Forster was born in London. His father, an architect, died of tuberculosis before Edward was two years old, and Edward was raised by his mother and aunts at the estate of Rooksnest in the Hertfordshire countryside. Forster enjoyed ten happy years at Rooksnest, and his beloved childhood home became the model for Windy Corner in A Room with a View, and for the house in Howards End (1910). Being raised in a household full of women is probably what inspired Forster to create the strong female characters that appear in his novels.
As a young man, E. M. Forster studied at the Tonbridge School in Kent, England. His experience there was unhappy, and he later criticized the English public school system in his writing, notably in the novel The Longest Journey (1907). Forster then went on to King’s College, Cambridge, receiving B.A. degrees in classics and history in 1900 and 1901, eventually followed by a master’s degree in 1910.
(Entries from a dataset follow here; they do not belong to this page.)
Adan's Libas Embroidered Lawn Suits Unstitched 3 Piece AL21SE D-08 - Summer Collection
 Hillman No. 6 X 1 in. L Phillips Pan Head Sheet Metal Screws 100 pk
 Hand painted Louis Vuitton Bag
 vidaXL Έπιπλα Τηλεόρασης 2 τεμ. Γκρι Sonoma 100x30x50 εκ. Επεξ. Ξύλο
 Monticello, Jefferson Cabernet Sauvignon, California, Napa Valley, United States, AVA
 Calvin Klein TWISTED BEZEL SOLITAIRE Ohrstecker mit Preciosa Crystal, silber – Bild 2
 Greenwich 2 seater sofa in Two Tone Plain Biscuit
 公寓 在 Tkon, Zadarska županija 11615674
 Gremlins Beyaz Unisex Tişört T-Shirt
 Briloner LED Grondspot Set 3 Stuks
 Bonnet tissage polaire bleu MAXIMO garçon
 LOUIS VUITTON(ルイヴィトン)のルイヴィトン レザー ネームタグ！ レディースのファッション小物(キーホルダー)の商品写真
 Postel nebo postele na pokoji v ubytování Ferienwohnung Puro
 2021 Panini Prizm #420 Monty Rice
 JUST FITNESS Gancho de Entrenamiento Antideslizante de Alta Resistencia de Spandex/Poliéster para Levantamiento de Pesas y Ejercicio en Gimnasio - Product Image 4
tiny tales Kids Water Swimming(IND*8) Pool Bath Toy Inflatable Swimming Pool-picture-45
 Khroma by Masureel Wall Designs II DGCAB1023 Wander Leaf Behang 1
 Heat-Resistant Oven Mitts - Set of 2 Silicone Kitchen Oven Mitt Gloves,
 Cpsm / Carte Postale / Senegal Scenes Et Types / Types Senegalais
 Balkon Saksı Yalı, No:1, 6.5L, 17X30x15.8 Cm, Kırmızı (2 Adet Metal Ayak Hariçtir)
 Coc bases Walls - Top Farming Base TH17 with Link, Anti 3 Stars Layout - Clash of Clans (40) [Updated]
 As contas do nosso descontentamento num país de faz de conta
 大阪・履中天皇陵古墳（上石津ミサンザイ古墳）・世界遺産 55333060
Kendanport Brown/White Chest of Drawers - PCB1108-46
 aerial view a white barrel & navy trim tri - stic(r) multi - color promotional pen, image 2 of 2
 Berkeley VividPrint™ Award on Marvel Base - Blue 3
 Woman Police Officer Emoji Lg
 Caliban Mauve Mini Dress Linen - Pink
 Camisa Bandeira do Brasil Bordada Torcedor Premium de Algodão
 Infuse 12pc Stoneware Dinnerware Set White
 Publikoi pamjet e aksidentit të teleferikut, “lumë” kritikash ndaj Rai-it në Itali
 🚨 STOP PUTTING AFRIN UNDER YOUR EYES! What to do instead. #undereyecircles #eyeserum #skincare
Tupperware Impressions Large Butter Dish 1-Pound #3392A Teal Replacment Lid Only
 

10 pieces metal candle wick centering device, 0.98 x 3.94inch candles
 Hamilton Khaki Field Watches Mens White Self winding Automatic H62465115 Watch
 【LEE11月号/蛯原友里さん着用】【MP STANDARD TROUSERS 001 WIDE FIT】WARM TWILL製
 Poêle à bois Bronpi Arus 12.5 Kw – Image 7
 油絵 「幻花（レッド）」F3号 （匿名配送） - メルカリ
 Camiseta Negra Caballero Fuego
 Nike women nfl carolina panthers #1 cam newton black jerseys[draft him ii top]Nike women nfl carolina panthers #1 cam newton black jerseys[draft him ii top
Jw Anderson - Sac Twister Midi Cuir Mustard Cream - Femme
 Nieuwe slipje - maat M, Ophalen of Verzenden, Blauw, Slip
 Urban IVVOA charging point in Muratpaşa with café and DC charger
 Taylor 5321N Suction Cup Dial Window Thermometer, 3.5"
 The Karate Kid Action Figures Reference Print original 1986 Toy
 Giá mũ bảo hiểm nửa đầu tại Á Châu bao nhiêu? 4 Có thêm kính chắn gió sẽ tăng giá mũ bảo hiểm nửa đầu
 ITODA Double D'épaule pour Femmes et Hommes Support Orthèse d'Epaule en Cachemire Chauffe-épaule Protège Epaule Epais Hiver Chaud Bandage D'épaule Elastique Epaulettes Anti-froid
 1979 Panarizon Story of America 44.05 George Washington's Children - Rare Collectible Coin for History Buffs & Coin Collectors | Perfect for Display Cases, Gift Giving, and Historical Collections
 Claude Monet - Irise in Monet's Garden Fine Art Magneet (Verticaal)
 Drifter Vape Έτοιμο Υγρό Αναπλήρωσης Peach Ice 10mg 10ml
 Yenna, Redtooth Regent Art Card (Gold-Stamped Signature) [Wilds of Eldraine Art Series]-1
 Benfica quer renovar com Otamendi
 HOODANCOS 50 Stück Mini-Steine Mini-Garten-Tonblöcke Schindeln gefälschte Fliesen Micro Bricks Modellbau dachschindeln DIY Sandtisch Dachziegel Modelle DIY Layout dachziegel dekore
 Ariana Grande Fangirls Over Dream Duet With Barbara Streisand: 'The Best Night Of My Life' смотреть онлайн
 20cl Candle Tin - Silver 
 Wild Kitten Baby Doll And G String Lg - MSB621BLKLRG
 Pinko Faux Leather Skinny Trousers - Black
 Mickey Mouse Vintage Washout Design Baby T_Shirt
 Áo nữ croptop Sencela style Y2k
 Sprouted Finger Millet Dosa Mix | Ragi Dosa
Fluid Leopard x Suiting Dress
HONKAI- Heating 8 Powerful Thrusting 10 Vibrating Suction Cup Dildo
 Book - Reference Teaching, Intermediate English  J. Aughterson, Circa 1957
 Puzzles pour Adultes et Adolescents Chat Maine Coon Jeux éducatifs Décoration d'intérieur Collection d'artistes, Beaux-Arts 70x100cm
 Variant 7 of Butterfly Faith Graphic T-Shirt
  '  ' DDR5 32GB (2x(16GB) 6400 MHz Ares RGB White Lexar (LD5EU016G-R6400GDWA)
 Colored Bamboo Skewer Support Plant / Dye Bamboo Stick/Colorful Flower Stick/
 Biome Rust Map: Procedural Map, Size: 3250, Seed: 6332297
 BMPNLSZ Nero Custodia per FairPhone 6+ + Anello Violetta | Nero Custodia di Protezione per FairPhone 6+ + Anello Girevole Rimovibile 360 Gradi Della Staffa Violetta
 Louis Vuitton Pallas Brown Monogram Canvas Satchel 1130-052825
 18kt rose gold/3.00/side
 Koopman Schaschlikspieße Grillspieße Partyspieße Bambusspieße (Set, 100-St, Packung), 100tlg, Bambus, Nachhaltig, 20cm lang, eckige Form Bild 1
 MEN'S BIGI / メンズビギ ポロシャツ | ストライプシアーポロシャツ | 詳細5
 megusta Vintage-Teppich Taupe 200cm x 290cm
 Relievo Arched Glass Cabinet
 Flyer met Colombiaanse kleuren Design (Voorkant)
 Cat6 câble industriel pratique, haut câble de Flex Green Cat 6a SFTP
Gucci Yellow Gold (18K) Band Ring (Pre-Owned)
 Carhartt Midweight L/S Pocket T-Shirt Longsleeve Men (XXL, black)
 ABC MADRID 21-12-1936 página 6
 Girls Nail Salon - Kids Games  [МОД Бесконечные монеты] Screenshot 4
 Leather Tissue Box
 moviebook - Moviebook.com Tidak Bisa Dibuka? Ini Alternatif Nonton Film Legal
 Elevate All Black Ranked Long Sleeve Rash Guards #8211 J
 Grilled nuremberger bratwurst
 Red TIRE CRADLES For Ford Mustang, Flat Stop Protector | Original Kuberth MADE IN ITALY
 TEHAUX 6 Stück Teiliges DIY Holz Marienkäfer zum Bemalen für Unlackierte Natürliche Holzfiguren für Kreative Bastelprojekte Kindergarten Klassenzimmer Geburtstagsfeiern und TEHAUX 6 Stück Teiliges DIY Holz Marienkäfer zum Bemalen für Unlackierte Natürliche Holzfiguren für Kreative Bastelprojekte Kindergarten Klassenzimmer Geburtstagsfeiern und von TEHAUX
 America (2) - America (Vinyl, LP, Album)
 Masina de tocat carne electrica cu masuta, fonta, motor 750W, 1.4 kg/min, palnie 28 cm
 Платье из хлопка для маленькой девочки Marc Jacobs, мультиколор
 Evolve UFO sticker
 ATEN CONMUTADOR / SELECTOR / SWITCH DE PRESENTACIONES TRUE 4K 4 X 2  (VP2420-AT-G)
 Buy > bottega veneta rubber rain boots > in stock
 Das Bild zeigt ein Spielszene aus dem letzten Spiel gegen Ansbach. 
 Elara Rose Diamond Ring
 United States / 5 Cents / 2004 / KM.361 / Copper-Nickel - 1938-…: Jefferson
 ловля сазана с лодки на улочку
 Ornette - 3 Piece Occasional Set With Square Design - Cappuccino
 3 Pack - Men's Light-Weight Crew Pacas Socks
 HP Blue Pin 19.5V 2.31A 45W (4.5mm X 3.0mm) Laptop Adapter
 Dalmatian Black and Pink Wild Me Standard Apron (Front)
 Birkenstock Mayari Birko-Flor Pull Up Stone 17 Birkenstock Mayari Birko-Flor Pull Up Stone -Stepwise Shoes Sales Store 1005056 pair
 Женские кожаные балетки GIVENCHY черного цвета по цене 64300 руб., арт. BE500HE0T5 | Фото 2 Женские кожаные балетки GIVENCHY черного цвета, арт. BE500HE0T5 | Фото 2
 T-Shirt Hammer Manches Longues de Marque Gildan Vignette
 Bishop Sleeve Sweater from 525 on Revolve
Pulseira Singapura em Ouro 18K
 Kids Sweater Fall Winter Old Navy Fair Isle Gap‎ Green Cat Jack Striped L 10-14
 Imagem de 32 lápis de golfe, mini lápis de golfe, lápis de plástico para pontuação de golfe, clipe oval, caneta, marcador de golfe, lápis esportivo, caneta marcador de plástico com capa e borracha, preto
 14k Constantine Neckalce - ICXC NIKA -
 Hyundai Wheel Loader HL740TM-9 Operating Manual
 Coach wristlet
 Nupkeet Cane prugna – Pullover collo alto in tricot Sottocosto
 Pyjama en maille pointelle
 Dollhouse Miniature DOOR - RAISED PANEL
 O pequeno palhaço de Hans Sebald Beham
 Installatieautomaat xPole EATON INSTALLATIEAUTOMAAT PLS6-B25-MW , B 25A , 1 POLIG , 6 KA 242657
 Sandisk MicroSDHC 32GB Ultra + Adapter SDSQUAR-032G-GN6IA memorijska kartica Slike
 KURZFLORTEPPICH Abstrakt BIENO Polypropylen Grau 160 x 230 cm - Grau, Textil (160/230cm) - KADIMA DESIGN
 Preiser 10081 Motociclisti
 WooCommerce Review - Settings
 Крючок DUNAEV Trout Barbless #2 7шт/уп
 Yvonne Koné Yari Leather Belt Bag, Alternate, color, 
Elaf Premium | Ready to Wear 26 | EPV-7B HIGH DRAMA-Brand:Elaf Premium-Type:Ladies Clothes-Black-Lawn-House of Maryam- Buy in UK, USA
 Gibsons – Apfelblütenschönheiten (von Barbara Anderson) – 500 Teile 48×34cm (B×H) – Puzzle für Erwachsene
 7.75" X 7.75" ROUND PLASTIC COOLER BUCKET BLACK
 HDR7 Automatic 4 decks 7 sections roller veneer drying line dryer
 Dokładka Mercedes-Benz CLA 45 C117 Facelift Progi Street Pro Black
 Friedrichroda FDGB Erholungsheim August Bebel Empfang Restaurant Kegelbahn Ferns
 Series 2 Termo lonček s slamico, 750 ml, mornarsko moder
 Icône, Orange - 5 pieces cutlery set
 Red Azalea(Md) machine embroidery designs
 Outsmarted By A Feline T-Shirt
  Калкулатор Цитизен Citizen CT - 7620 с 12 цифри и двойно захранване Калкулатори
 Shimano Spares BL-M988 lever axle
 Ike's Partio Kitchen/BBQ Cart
After graduation, Forster traveled to Italy and Greece with his mother and began his career as a writer. Two of his earliest novels, Where Angels Fear to Tread (1905) and A Room with a View (1908), are set in Italy. Forster also tutored in Germany and worked for the Red Cross in Alexandria, Egypt during World War I. Alexandria was the subject of several nonfiction works he wrote during that time. In Egypt in 1919, Forster experienced his first serious love relationship, with an Egyptian tram conductor named Mohammed el Adl. In 1930, he began a lifelong friendship (possibly romantic as well) with a policeman named Bob Buckingham. Homosexuality was then considered a crime in England, and Forster did not live openly as a gay. However, the attitudes of society toward his choice of whom to love almost certainly informed Forster’s fiction.
The writer’s travels to India in 1912 and 1922 led to his book A Passage to India (1924), a novel about classism and racial prejudice in British-ruled India. During this period, Forster was a member of London’s influential Bloomsbury Group, a collective of writers, artists, and thinkers that included writer Virginia Woolf, biographer Lytton Strachey, and economist John Maynard Keynes. Woolf in particular was influenced greatly by Forster’s novels, although her writing style was more modernist.
Forster’s mother died in 1944, after which he returned to his beloved Cambridge as a professor. For the rest of his career, Forster produced mostly literary criticism, biographies, and other nonfiction. At his request, the novel Maurice, which deals with homosexual love, was not published until a year after his death, in 1971. Maurice, Where Angels Fear to Tread, A Room with a View, Howards End, and A Passage to India have all been made into films in recent years, bringing Forster’s timeless work to new audiences.